WORK INSTRUCTION. Using only the entries below, output the lines starting at the one containing "神明社(善進町)(愛知県)" and ending at the one containing "初中历史教师培训用书,初中中国历史,初中世界", exactly and inclusive of both, omitting the pictures.

━━━━━ RECORDS FOR THIS TASK ━━━━━

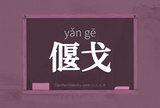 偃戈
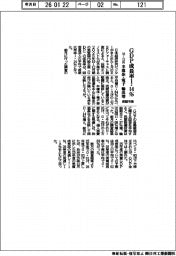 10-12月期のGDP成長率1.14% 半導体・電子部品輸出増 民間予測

━━━━━
━━━━━ RECORDS FOR THIS TASK ━━━━━

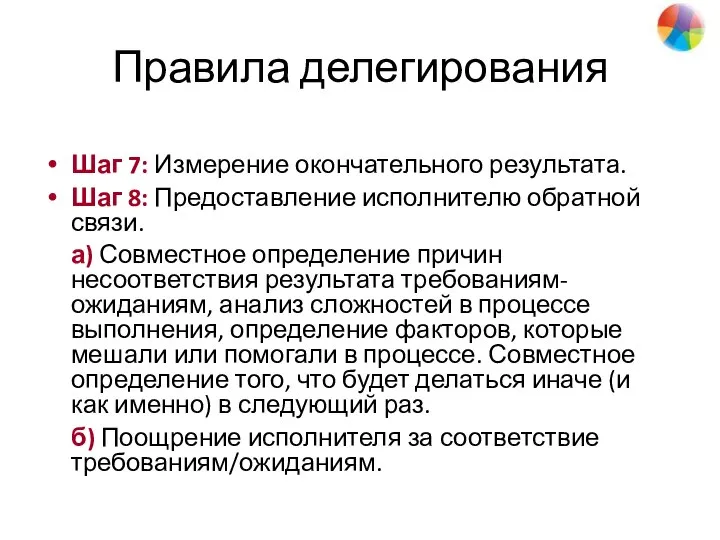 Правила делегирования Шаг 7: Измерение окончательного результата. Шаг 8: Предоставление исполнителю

━━━━━
━━━━━ RECORDS FOR THIS TASK ━━━━━

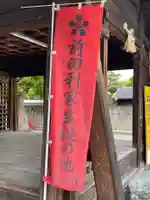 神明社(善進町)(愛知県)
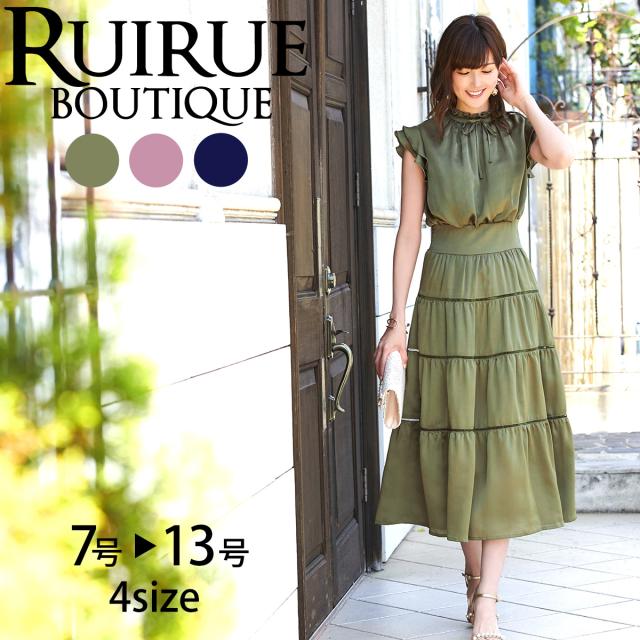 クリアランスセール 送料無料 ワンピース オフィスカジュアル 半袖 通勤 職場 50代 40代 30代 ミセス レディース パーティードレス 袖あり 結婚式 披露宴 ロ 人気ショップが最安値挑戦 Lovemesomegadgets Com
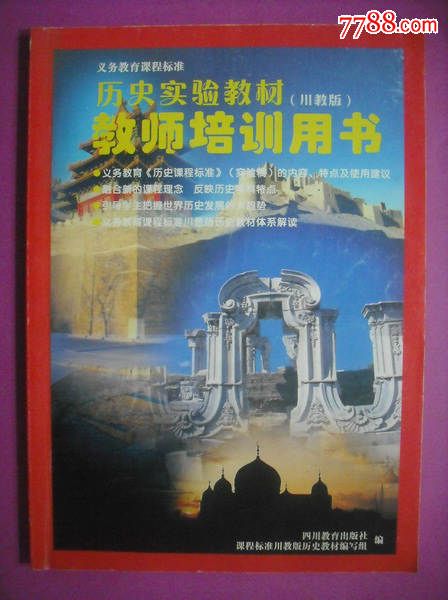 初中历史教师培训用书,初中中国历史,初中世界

━━━━━

EXPECTED ANSWER.
 神明社(善進町)(愛知県)
 クリアランスセール 送料無料 ワンピース オフィスカジュアル 半袖 通勤 職場 50代 40代 30代 ミセス レディース パーティードレス 袖あり 結婚式 披露宴 ロ 人気ショップが最安値挑戦 Lovemesomegadgets Com
 初中历史教师培训用书,初中中国历史,初中世界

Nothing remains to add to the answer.